Jadi orang tak perlu heran kalau kami para tapol Buru makan tikus, ular, kadal dan sebagainya. Ya, bolehlah kalau kami para tapol dikatakan sangat sadis, tapi sesadis-sadis kami, kami tidak pernah makan darah yang mengalir yang hukumnya haram seperti yang disebutkan dalam Surat ke 6 Alqur’an Surat Al anaam ayat 145.
Siapakah yang memakan darah yang mengalir? Tentu saja tidak lain adalah kaum kapitalis yang mempekerjakan kaum buruh yang darahnya mengalir dalam tubuhnya tetapi hasil tenaga kerjanya dimiliki kaum kapitalis. Inilah sebenarnya arti nyata dari istilah memakan darah yang mengalir.
Itu menurut keterangan ayahku pak Ramidjo yang telah tiada. Beliau hafal dan mengerti Alqur’an yang selalu menganjurkan para santrinya untuk selalu berbuat baik, membaca do’a iftitah yang khusuk waktu shalat dan berwudhu yang benar sebelum shalat.
Maaf, bukan maksudku untuk menuliskan soal-soal agama Islam. Pengetahuanku terlalu sedikit dan sepotong kuku-ireng pun tidak ada.

Dari hari kehari hidup di pulau Buru ini makin terasa mapan. Mapan bagi orang seperti kami yang tidak punya pilihan lain selain mendekam terus dalam tahanan.
Hasil pertanian kami tambah meningkat dan bersamaan dengan hasil panen yang meningkat, hasill yang dirampas penguasa pun makin banyak. Hasil penggergajian papan meranti, minyak kayu putih, hasil kerajinan tangan, lukisan dan tentu saja hasil pertanian sangat memberi keuntungan yang besar bagi para penguasa unit. Cerita tentang ini tertulis lengkap dalam buku pak Pramudia Ananta Toer “NYANYI SUNYI SEORANG BISU” yang terdiri dari dua jilid.

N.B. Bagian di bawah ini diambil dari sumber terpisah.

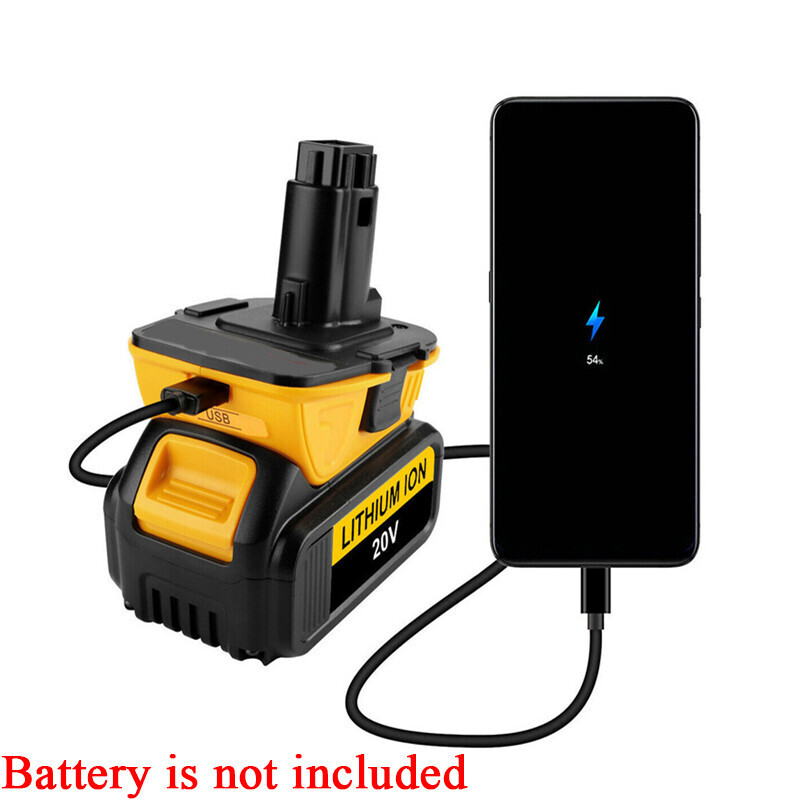 PACK 18V To 20V MAX DCA1820 Adapter Converter For DEWALT 20 Volt Battery Li-ion gallery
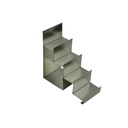 哑光钢展示楼梯 4 高度 Expositor de Acero Mate Forma Escalera 4 Alturas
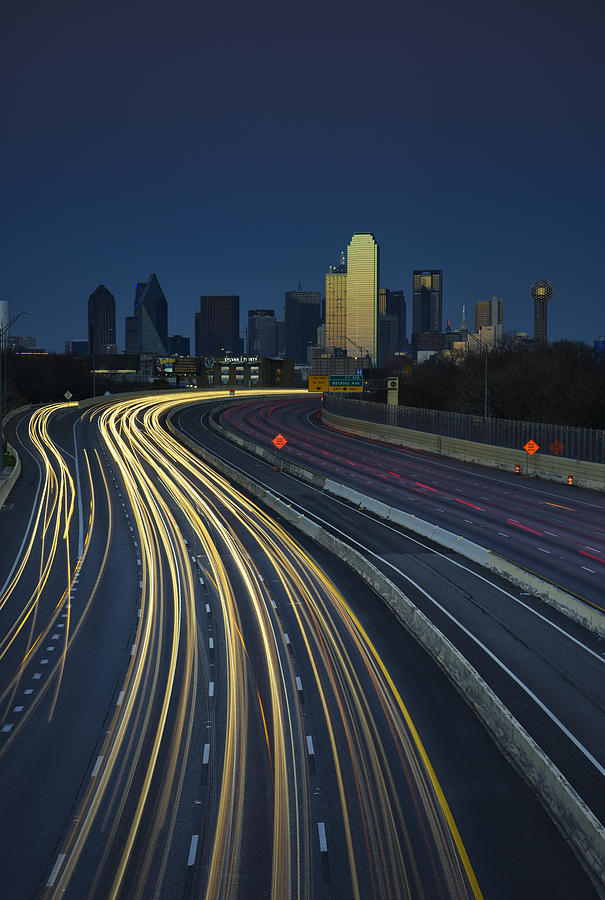 Oncoming Traffic Photograph by Rick Berk - Fine Art America
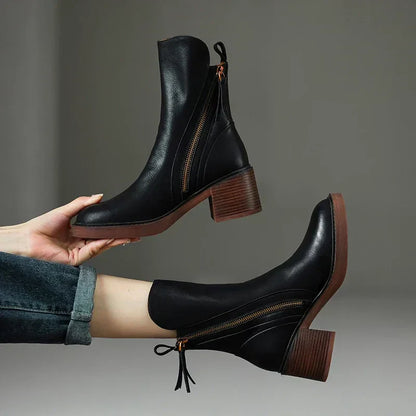 Amoria | Leather Ankle Boots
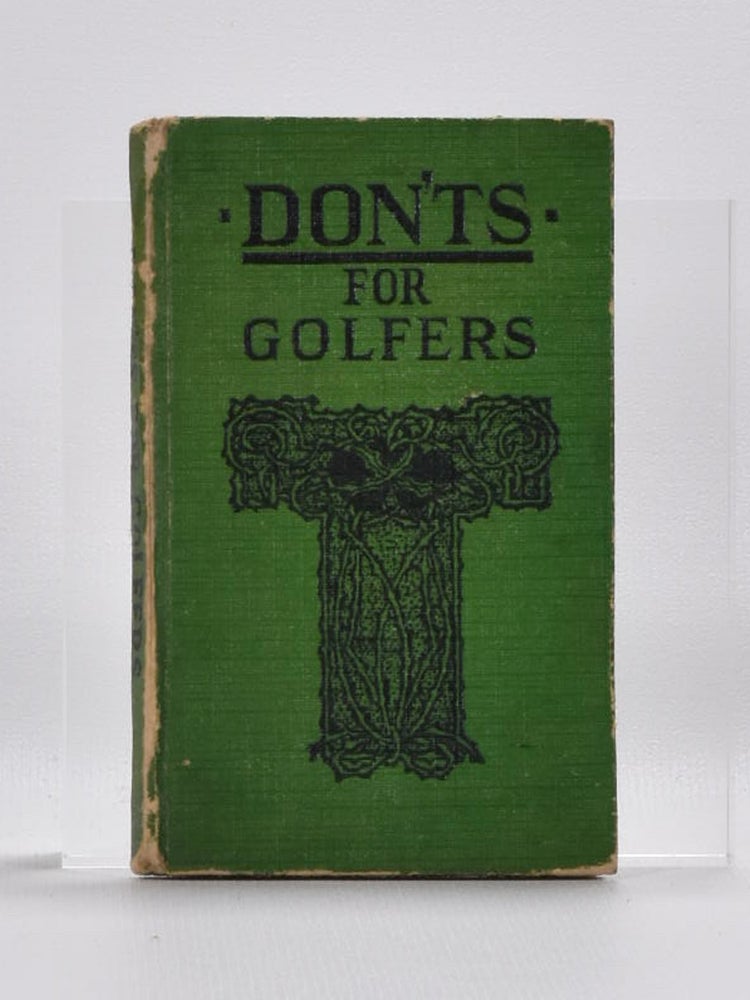 Item #2966 Don'ts for Golfers. Sandy Green.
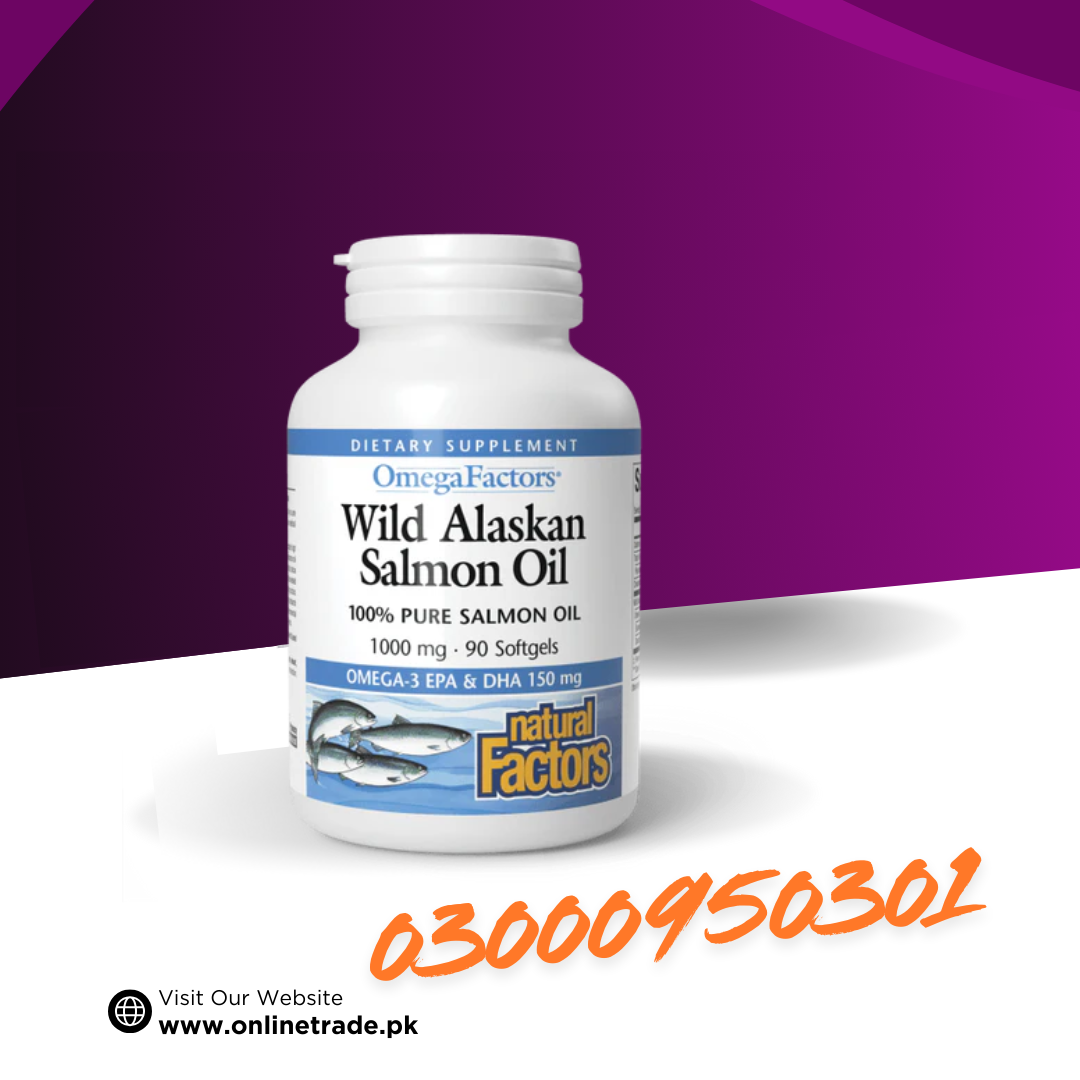 Natural Factors Wild Alaskan Salmon Oil In Pakistan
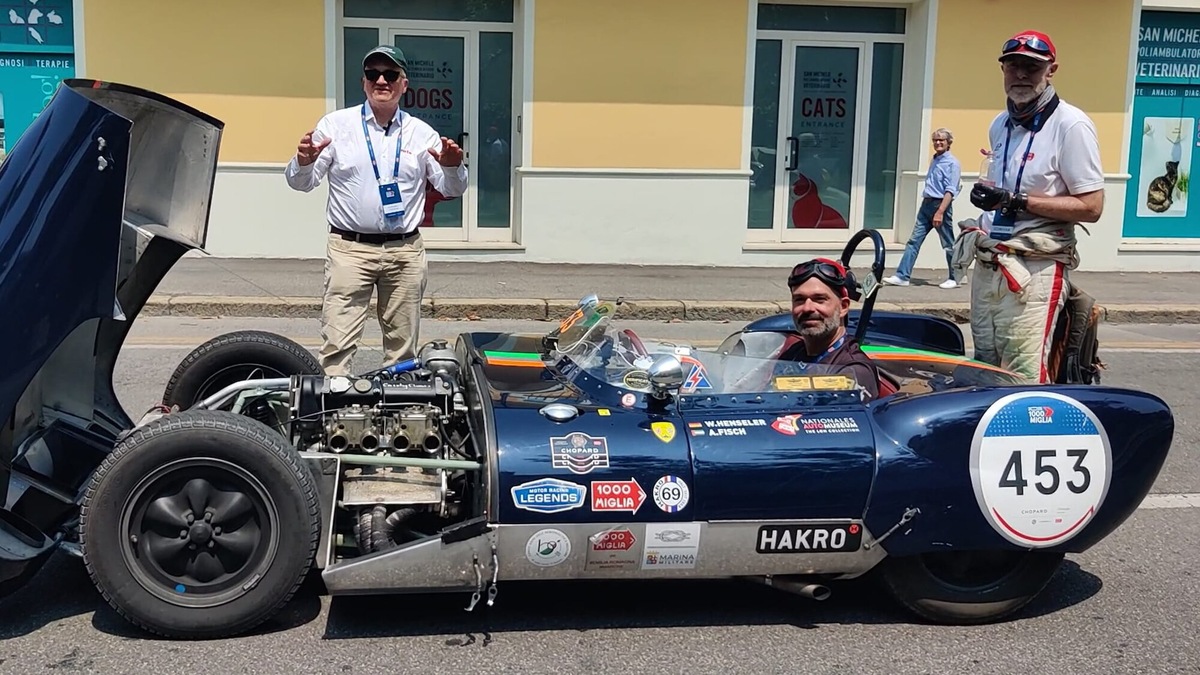 1000 Miglia 2025, la Lotus Eleven Climax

Aku kembali pada awal judul ceritaku.
Di unit IV Savanajaya sudah bermukim keluarga-keluarga tapol yang menyusul atau disusulkan oleh penguasa. Suasana di Savanajaya memang agak sedikit lain tetapi status tapol ya, tetap tapol. Sebab Buru bukanlah seperti Tanah Merah-Digul.
Digul memang tempat pengasingan orang-orang pergerakan yang menentang pemerintah kolonial Belanda. Tapi kehidupan masyarakat Digul tak ubahnya seperti orang hidup di suatu desa kecil di Kalimantan misalnya dan bahkan masyarakat Digul adalah masyarakat yang guyup rukun. Anak-anak orang buangan digul adalah anak-anak yang sangat mengerti tata pergaulan sopan. Tidak ada anak Digul yang melempari buah jambu yang masih pentil atau memetik buah jeruk yang belum matang. Tanaman buah-buahan orang lain pun tidak pernah diganggu anak-anak Digul. Kalau ada buah nangka yang besar dan sudah hampir matang, misalnya pohon nangka milik oom Oesman di ujung Kampung B. Kami anak Digul (aku dan beberapa teman – Yati, Supad, Darmo, Bedjo, Sadjad dan Watiyem) datang ke rumah oom Oesman.
Di antara kami Yati yang jadi juru bicara : “Oom Oesman, buah nangka oom besar-besar dan ada 5 yang hampir matang. Bolehkah kami minta satu oom.?”
Oom Oesman yang tubuhnya putih seperti orang Jepang itu (putih karena tak mau keluar rumah, halaman rumahnya jembrung penuh rumput liar, pokoknya menyendiri tak mau berkomunikasi dengan orang lain dan sangat anti pada peraturan pemerintah kolonial Belanda) menemui kami dan mengajak kami melihat pohon nangkanya di sebelah rumah,
“Ya benar, nangka-nangka ini sudah boleh dipetik. Mari kita petik dan kita bagi-bagi. Yang besar ini dibagi empat dan tolong antarkan ke rumah keluarga oom A, B, C, dll. Buah nangka ini milik kita bersama jadi oom tidak akan memakannya sendirian. Dan siapa yang mau makan nangka begitu besar senbdirian. Emangnya oom mau jadi Buto Ijo.” Kata oom Oesman.
Nah begitulah sedikit gambaran keadaan masyarakat Digul yang jauh sekali bedanya dengan tahanan Pulau Buru di Savanajaya tempat pemukiman para keluarga tapol.
Wah, aku menyimpang dari jalur ceritaku semula ya. Maaf, maklum aku memang baru belajar menulis cerita dan belum bisa menyusun urutan cerita yang baik. Ya biarlah nanti tentu ada teman yang mau membantu mengedit jalan ceritaku ini.
Sekarang aku kembali ke cerita merpati, ya.

Begini kisahnya.
Di Savanajaya, di antara keluarga anak-anak tapol ada yang memelihara merpati yang dibawa dari Jawa. Merpati-merpati peliharaan ini berkembang biak. Ada yang coklat, putih, hitam dll. Kita semua tahu burung merpati itu menjadi symbol perdamaian bukan? Aku lupa cerita merpati yang jadi symbol perdamaian itu. Siapa ya, yang melukis merpati itu ? Pablo Picaso? Di Madrid - Spanyol? Entah aku sudah pikun tak ingat lagi.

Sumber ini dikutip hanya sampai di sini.